Extracted information:
_____
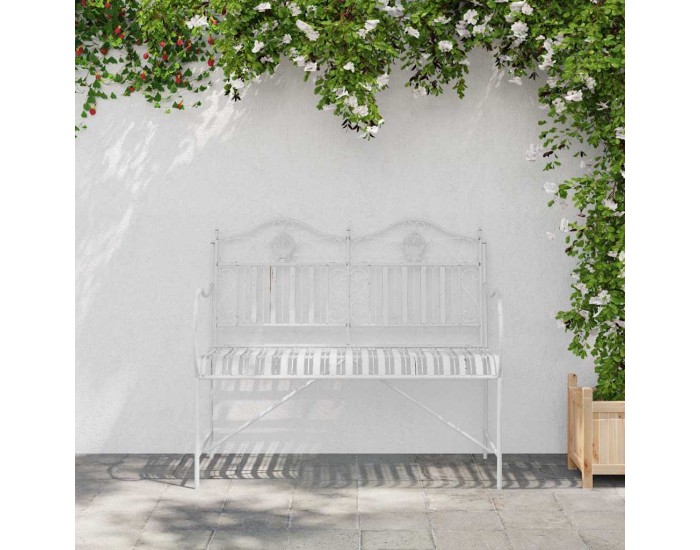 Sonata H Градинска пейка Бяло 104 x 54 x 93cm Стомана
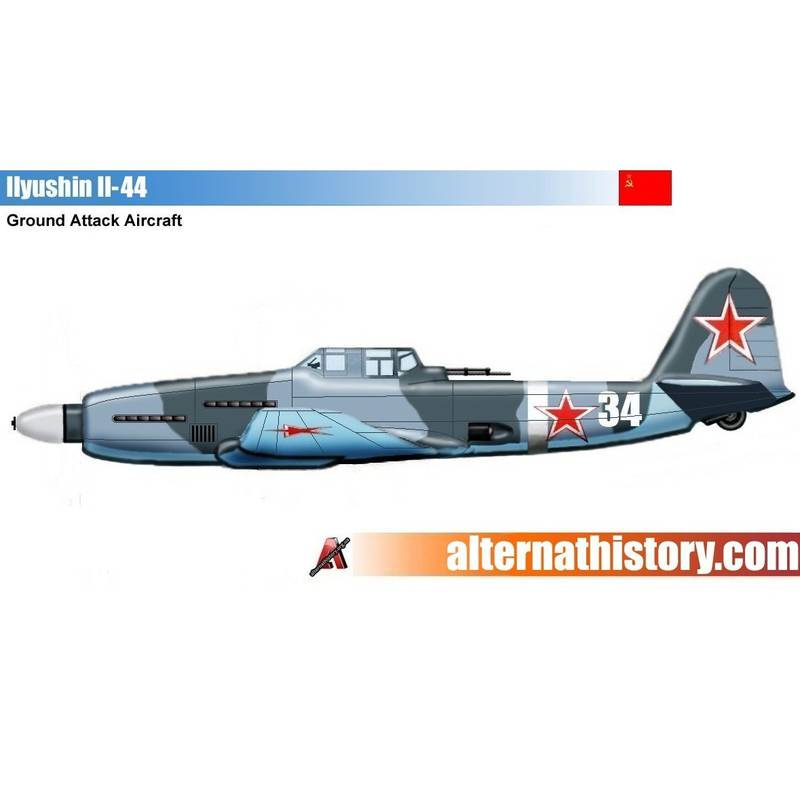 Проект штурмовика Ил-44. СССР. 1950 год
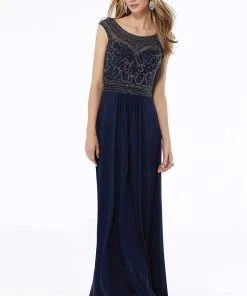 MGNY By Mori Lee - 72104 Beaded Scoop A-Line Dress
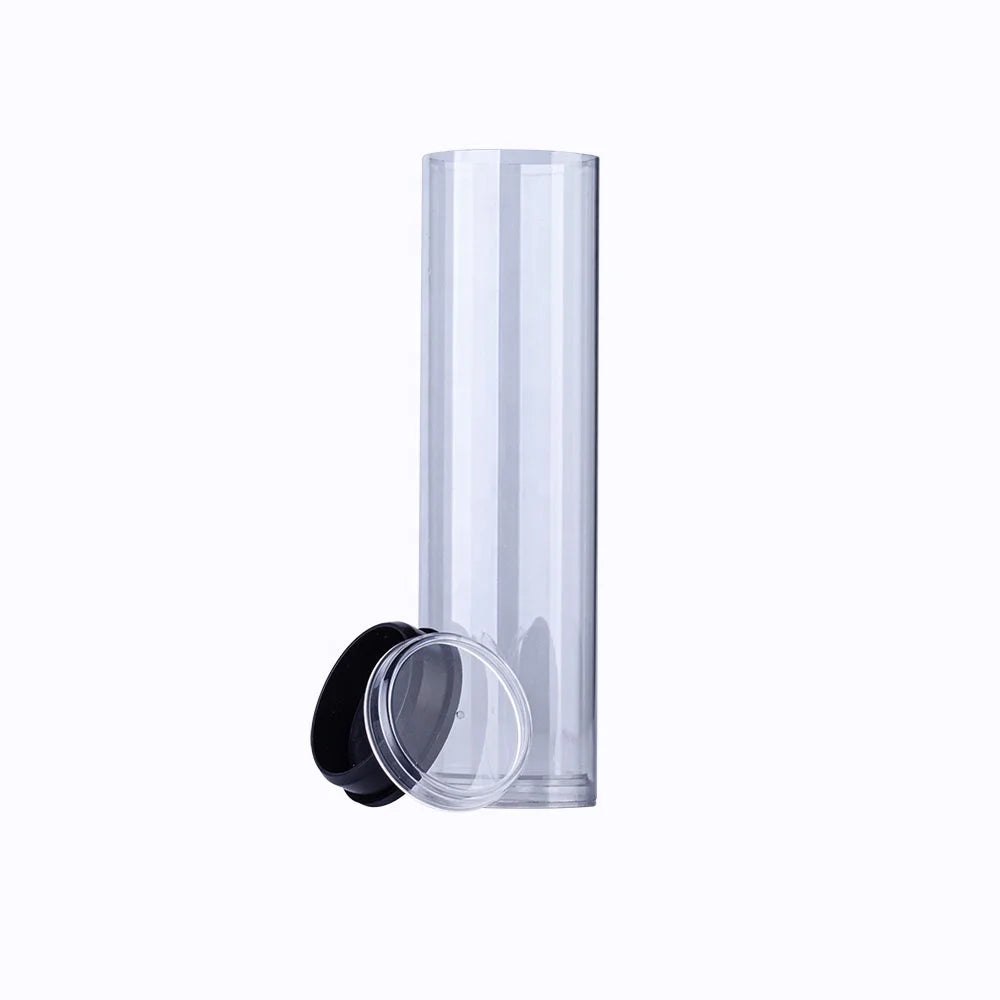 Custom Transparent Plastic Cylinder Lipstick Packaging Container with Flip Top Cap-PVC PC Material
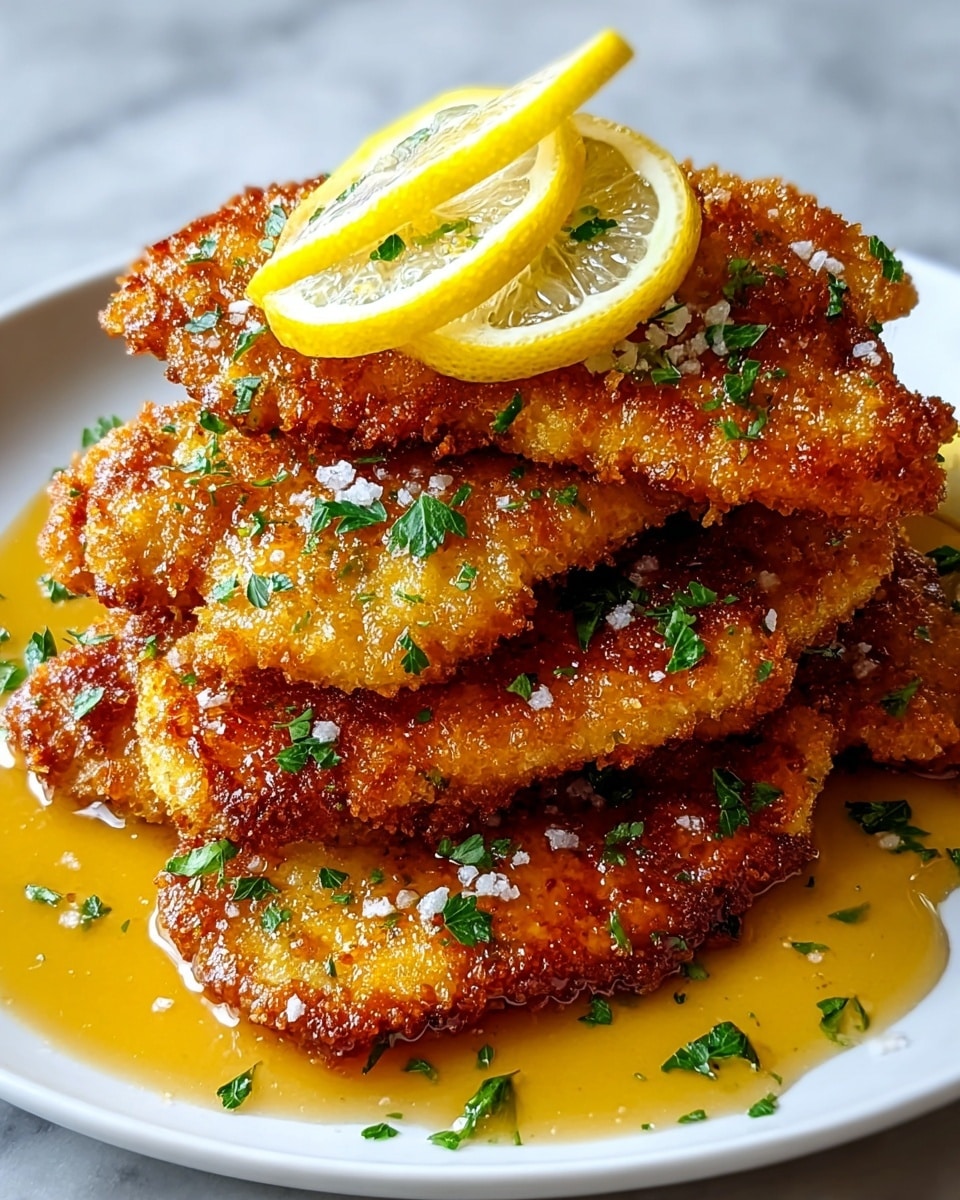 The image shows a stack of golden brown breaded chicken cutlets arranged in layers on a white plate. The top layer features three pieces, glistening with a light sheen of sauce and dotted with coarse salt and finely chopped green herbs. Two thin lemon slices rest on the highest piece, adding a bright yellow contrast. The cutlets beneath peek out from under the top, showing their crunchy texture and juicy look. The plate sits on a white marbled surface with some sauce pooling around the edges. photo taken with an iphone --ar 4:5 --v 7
_____
Task instructions: Your output must reproduce the material above in full, with no pictures.

Task output:
 Sonata H Градинска пейка Бяло 104 x 54 x 93cm Стомана
 Проект штурмовика Ил-44. СССР. 1950 год
 MGNY By Mori Lee - 72104 Beaded Scoop A-Line Dress
 Custom Transparent Plastic Cylinder Lipstick Packaging Container with Flip Top Cap-PVC PC Material
 The image shows a stack of golden brown breaded chicken cutlets arranged in layers on a white plate. The top layer features three pieces, glistening with a light sheen of sauce and dotted with coarse salt and finely chopped green herbs. Two thin lemon slices rest on the highest piece, adding a bright yellow contrast. The cutlets beneath peek out from under the top, showing their crunchy texture and juicy look. The plate sits on a white marbled surface with some sauce pooling around the edges. photo taken with an iphone --ar 4:5 --v 7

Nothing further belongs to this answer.